En mayo de 1996, desde Cartagena de Indias, Gabriel García Márquez escribió: “Entrevisté a cuantos protagonistas me fue posible, y en todos encontré la misma disposición generosa de perturbar la paz de su memoria y reabrir para mí las heridas que quizás querían olvidar. Su dolor, su paciencia y su rabia me dieron el coraje para persistir en esta tarea otoñal, la más difícil y triste de mi vida.” Tres párrafos después,  escribe: “A todos ellos lo dedico, y con todos ellos a todos los colombianos –inocentes y culpables- con la esperanza de que nunca más nos suceda este libro.”

Las citas son del libro Noticia de un secuestro, editado para México por Editorial Diana en mayo de 1996. Un libro desgarrador. “La más difícil y triste tarea de mi vida” de quien realizó muchas tareas y de quien habrá enfrentado dificultades y tristezas en cantidades poco frecuentes para el común de los mortales; tanto por su entrañable sensibilidad a la vivencia propia y de otros como por el lugar de privilegio en la cual esa capacidad lo situaba, para su pesar sin duda. Tan entrañable y sensible como la dedicatoria puesta en la última oración de las “Gratitudes” acomodadas a modo de pródromo en la publicación: A todos, inocentes y culpables, con esperanza de nunca más. Un querer con el cual se hermana a tantos inocentes sufrientes de la injusticia, del exceso, la vejación y la instrumentalización. Se hermana con la esperanza de todos aquellos, en diferentes patrias y geografías, quienes esperamos vivir sin temores irracionales y levantar la cabeza para disfrutar nuevos amaneceres reunidos con otros en la tarea, esta difícil y gozosa, de hacer por la vida con menos ataduras.

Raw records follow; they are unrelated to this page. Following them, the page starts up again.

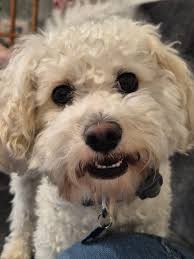 Introduction and photo of tnr clown cat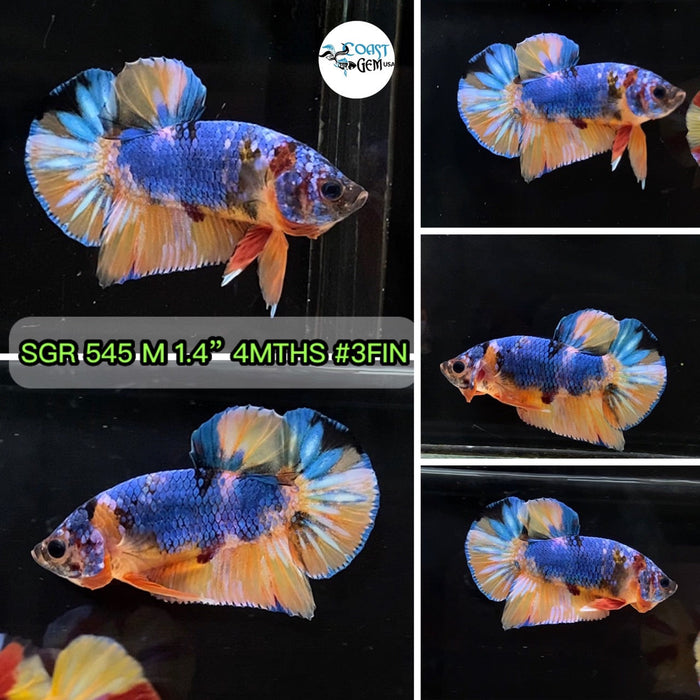 (SGR-545) Nemo Galaxy Multicolor Plakat Male Betta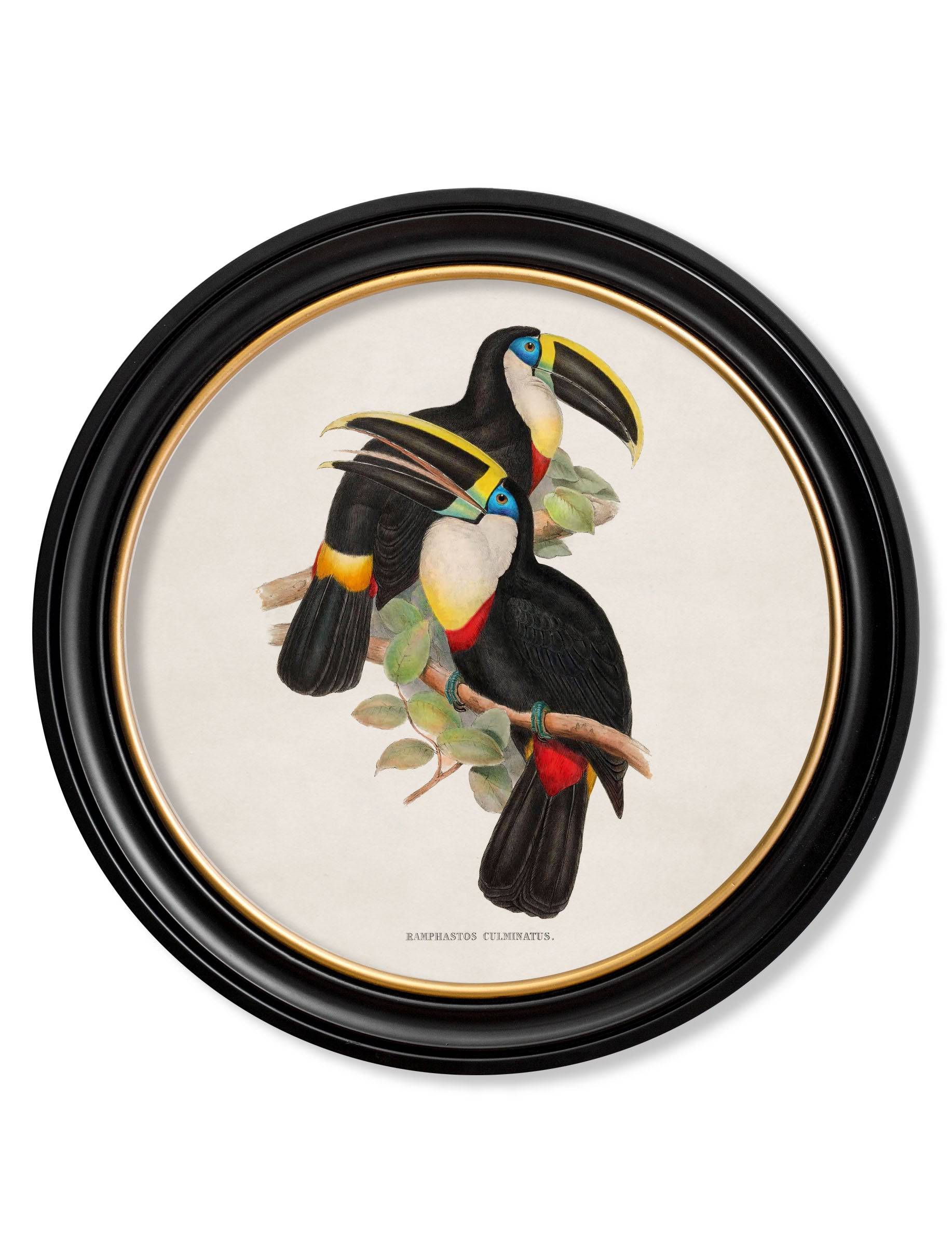 c.1848 Toucans - Round Frames - Blythe Living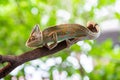 Chameleon lizard stand on wood in the garden with natural background.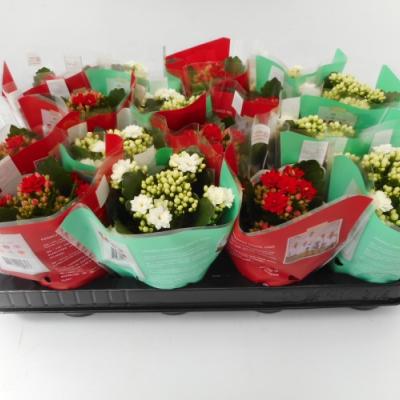 Kalanchoe blos. 'Perfecta mix' rood en wit dubbel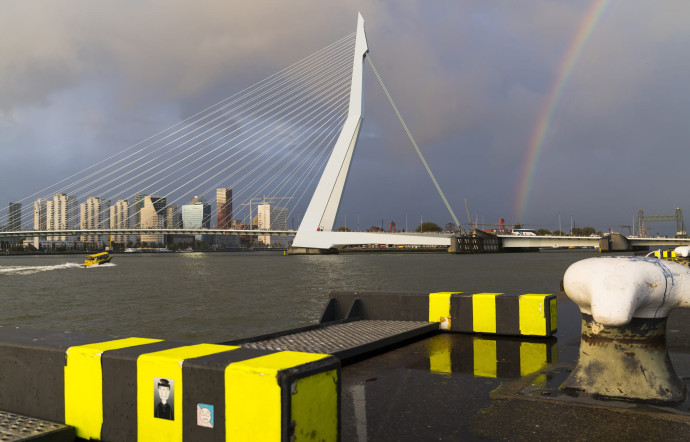 Le pont Erasme, ou Erasmusbrug, est l’un des emblèmes de la ville. Ce pont à haubans de 802 m de long traverse la Nouvelle Meuse et relie les moitiés nord et sud de Rotterdam.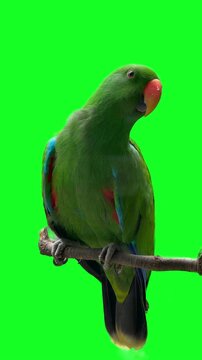 parrot on a branch in green screen background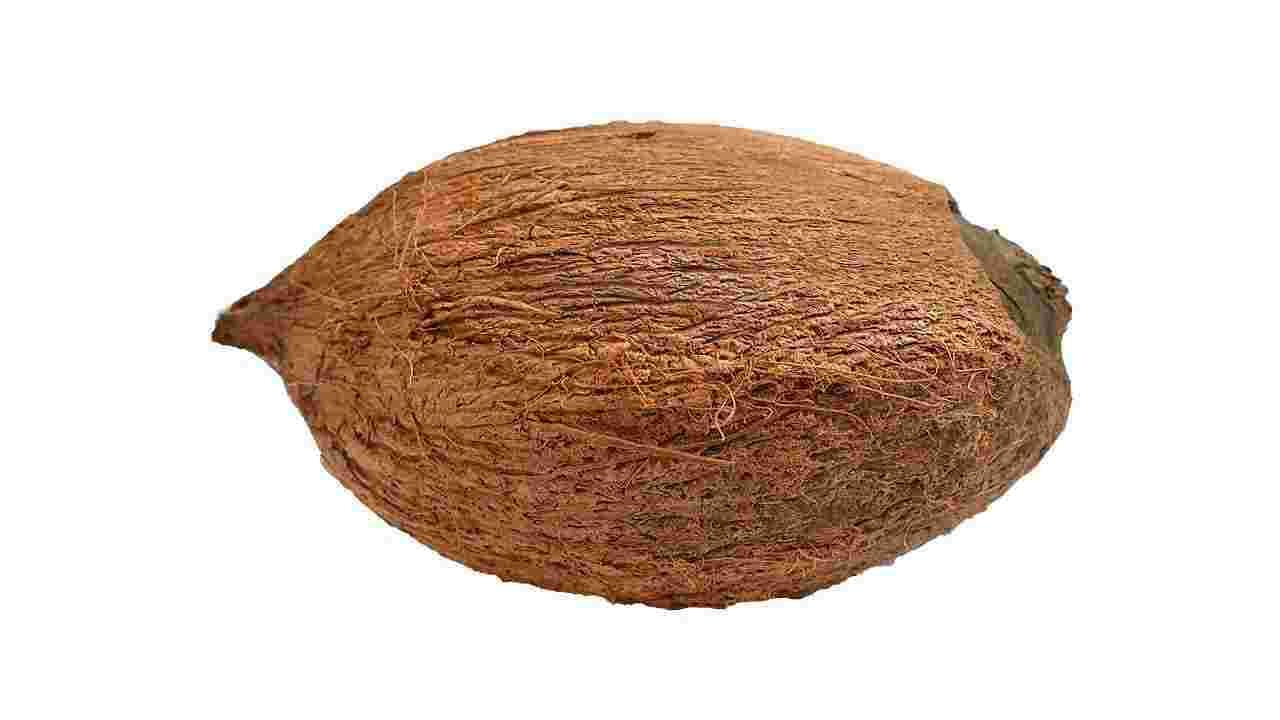 One Eye Coconut : पाच कल्पांपैकी एक आहे एकाक्षी नारळ, पूजेमध्ये वापरल्यास होतात मोठे फायदे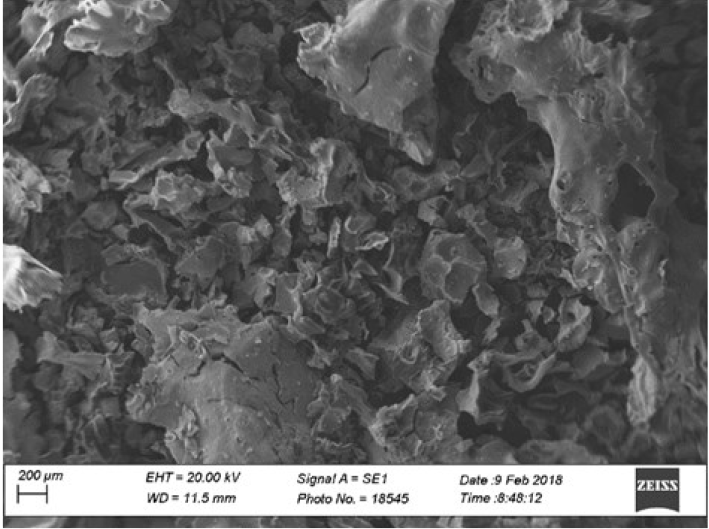 SEM micrographs of the activated carbon prepared from defective coffee beans. 50x magnification.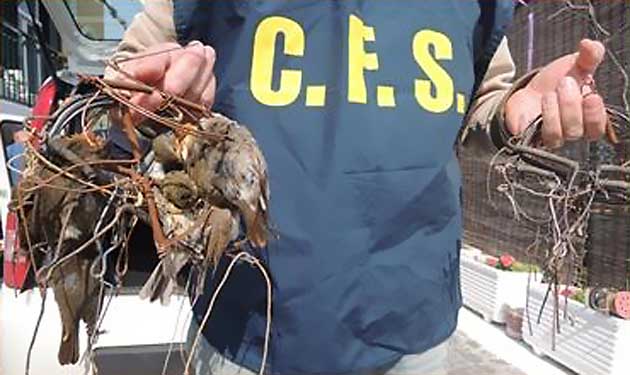 Corpo Forestale dello Stato - Ponza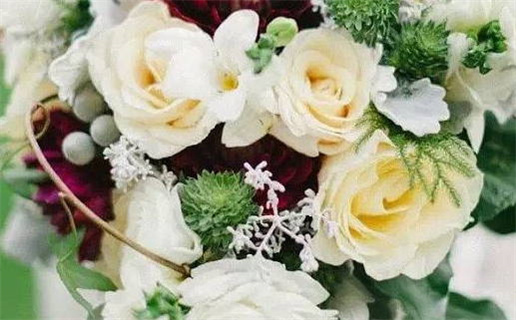 极居卯酉格女命配偶_极居卯酉格女命配偶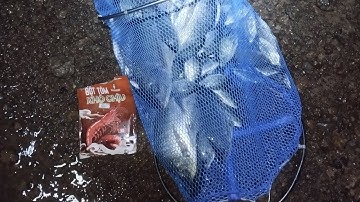 TRÃI NGHIỆM BỘT TÔM KHÓ CHỊU CÂU CÁ RÔ THIÊN NHIÊN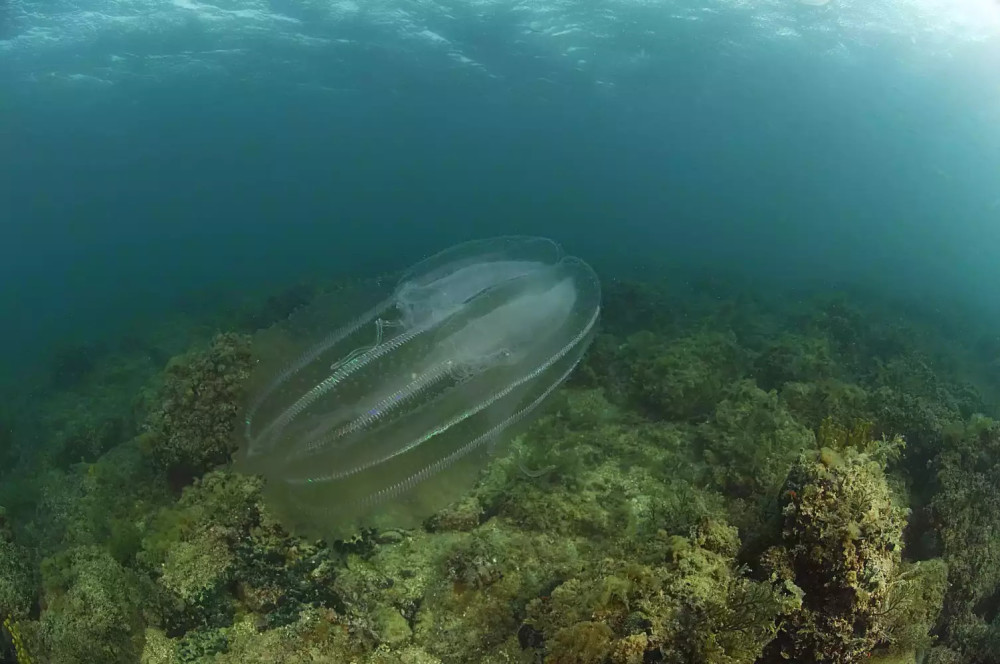 海洋生物,鉴定水母和果冻状动物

Si sólo esa, la más difícil y triste tarea de su vida, fuera toda la obra de Gabriel García Márquez, que de Dios goza, sería suficiente para ocupar el lugar que ocupó en la República de las Letras. Es un testimonio de que escribía para que sus amigos lo leyeran y lo quisieran. En el intento, muchos más lo leímos, le agradecemos y lo queremos como se quiere a quien, en muchas frases y fábulas, escribió lo que pensamos y no supimos o no nos atrevimos a escribir.

García Márquez hace ver con crudeza y sin pretensiones pedagógicas, algo para nunca olvidar si se quiere comprender la realidad social de los seres humanos. Sólo hay tres poderes: Dinero, ideología y las armas.